For as long as I’ve been involved in ministry, the Church (big C) has tried to find new and exciting ways to connect with young adults. Usually you have to start by defining who is a young adult and automatically offend a large number of people who may self identify as a young adult but aren’t (at least by your ministry's definition.) The definition normally includes the age group of after college to somewhere around the age of 35. The church has historically kind of disconnected from this age group and vice versa. It’s a busy 10-15 years where people are trying to secure jobs and build both professional and personal relationships. I think the church's desire to include young adults is good and right, but sometimes it’s over-eagerness to include this generation and ends up excluding them the most. What happens at midnight on the eve of our 36th birthday?
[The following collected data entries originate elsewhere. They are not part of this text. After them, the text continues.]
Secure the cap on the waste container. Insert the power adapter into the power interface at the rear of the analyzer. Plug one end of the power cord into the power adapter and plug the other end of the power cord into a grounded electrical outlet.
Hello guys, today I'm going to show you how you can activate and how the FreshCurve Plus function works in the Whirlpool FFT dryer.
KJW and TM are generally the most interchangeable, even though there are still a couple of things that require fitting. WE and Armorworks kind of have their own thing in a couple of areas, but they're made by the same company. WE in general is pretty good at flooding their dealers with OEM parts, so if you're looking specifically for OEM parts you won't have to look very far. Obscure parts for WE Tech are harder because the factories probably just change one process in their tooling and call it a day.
Young adult ministries have a built in deadline with nothing to follow, and that is why they don’t work.

The good news is that there is a solution. There is a place for this age-group in the church, and it’s not as complicated as starting a new ministry area. For some reason, the church has recently thought they needed to woo this age group with trivia nights at local bars, or bowling leagues. As long as the church tries to entertain a certain age group though, they’ll always lose. What this post-college, young adult group wants is to continue to refine who they are and whose they are. So what if the church learned to do this well? Integrating the young adult age group into already existing, proven for growth ministries in the church, alongside both seasoned adults and those on the cusp of this time in their life?
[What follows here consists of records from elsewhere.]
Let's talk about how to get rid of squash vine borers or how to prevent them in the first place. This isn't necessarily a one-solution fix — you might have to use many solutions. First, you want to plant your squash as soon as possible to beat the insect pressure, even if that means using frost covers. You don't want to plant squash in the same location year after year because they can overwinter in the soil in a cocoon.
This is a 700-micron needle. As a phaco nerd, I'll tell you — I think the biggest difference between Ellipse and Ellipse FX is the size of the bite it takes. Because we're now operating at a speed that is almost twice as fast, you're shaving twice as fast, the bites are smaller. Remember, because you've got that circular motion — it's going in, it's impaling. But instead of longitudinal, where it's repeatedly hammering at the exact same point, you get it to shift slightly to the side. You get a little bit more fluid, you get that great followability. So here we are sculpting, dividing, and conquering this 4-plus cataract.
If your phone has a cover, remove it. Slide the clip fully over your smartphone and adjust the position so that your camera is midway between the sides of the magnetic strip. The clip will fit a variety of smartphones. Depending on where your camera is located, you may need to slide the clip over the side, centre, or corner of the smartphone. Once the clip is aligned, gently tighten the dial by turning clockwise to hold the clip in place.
This means building intergenerational small groups where college students are sharing their thoughts with those past retirement as well as the other way around. Then there in the middle are these young adults, not only bridging the gap between the young and old, learning to lead while they themselves are being mentored in the next phase of their spiritual journey. This also gives individuals some freedom at the pace of their own spiritual journey - there isn’t a reason they need to feel like they have everything figured out by 35, because they likely don’t.
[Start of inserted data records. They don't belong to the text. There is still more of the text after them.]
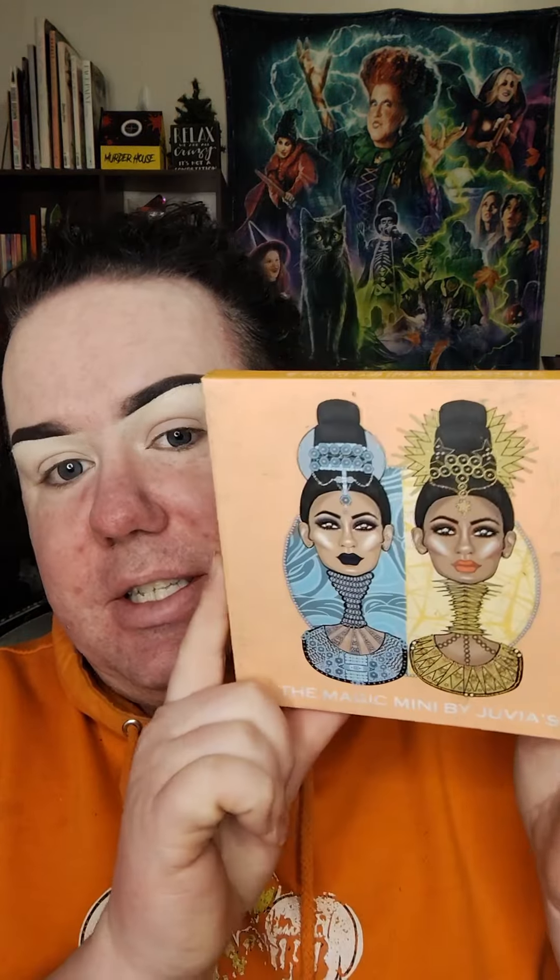Can I read Magic Mini? Jeffree Star, I think. So it's actually Juvia's Place, so this is the outer packaging.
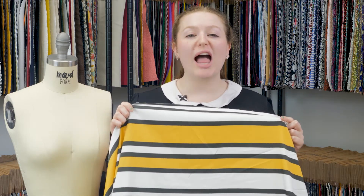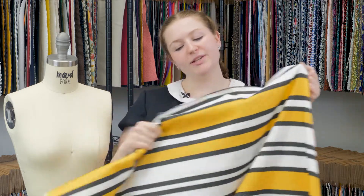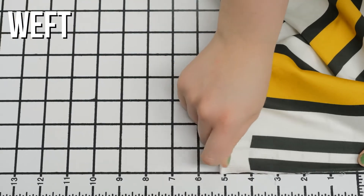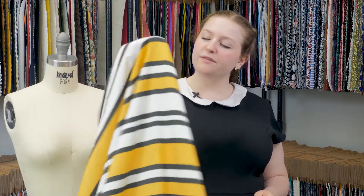This is pattern number MD0176, Mood's exclusive yellow Aina Stripe Stretch Con Satine. This product has a really creamy soft hand with excellent weft stretch, though it is completely sheer. It has a substantial flexible drape, and these stripes are so fun.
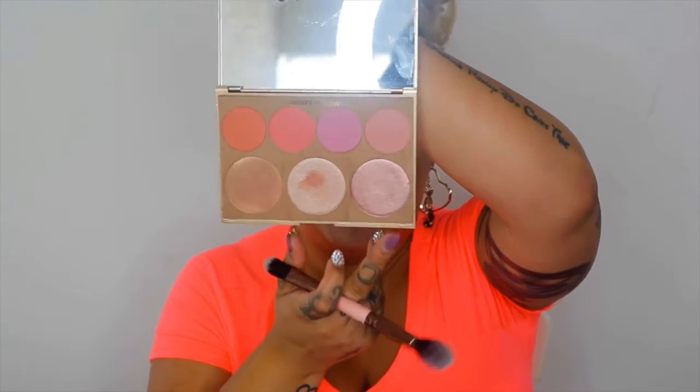Now I'm going to go in with the blush — I don't know the name of this color but it's from the City Color Cosmetics palette and it's this pinky color right here — and I'm just going to pop that on the cheeks. Now I'm going to finish underneath my eyes and I'm going to go back in with Insomnia underneath my eyes and just pop that on.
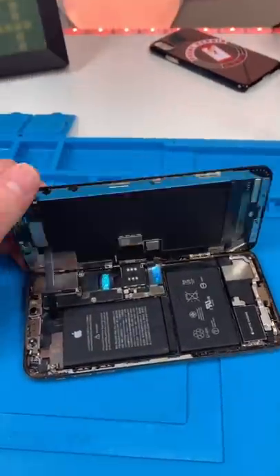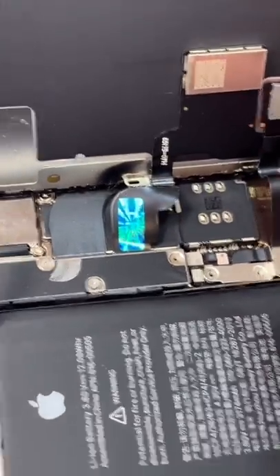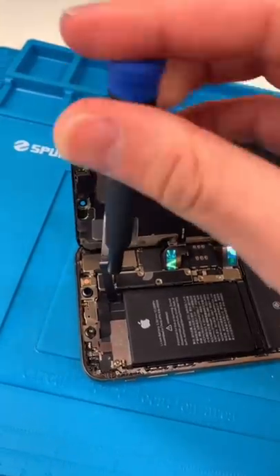Unscrew. Open it up, and it's been replaced before. Unscrew. They use the TFT screen, which is really low quality, but these screens were like 400 bucks at one point, so I don't really blame them.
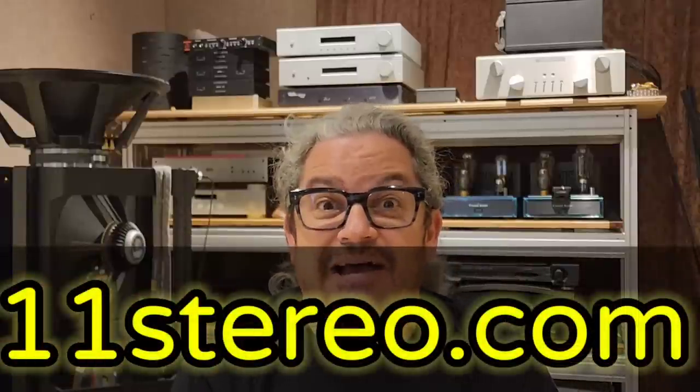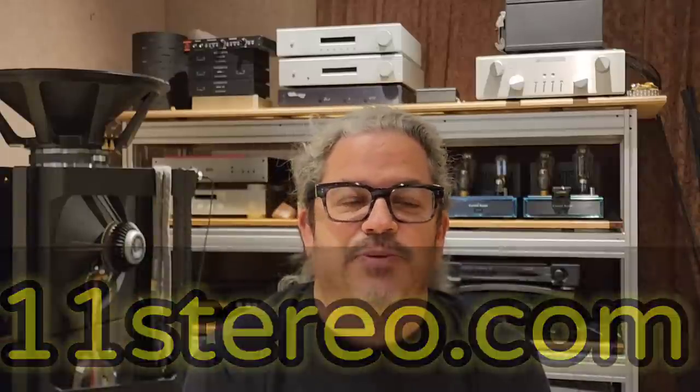Hey everybody, what's up? OCD Mikey, high-five guy here, back at you to bring you up to speed on my first listening test. I'm going to change the name to Nemesis 11. I think that is a better name because I am 11 Stereo — the manufacturer — and the name of the product is from 11 Stereophonic.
In the Bible, time and time again we are shocked by the things that people are asked to do, regardless of their age. By our standards, Mary was a shockingly young mother, and Sarah, an impossibly old one. Ministry shouldn’t be defined by our age. Chances are, some of these young adults your church is looking to involve, have incredible leadership skills that will elevate your church in ways you may not have thought of yet. This is the age group that is largely holding their churches together as they navigate moving towards online services and an online presence in a time of national crisis. Engaging young adults in ministry may mean being open to changing the way things have always been done. Young adults are already invested in the church, and if you can give them claim and opportunities for leadership, I think you’ll be delighted at where they may lead you.

By Rev. Lauren Fuchs

Lauren has served as Central’s Associate Pastor since 2017, when her husband and her moved to the area. Central was a church she admired and wanted to grow a ministry like. From afar, she learned the culture of Central through podcasts and social media, but never thought she would have the privilege of pastoring there.

Lauren studied at and received her MDIV from Asbury Theological Seminary, and she met her husband there, too. Dan is the pastor at The Plains United Methodist Church, and together we have 2 children Gideon (3) and their corona-baby Margot, who was born 2 weeks into the pandemic. Together as a family, they like to travel and spend time on the bike path with their golden-doodle, Nala.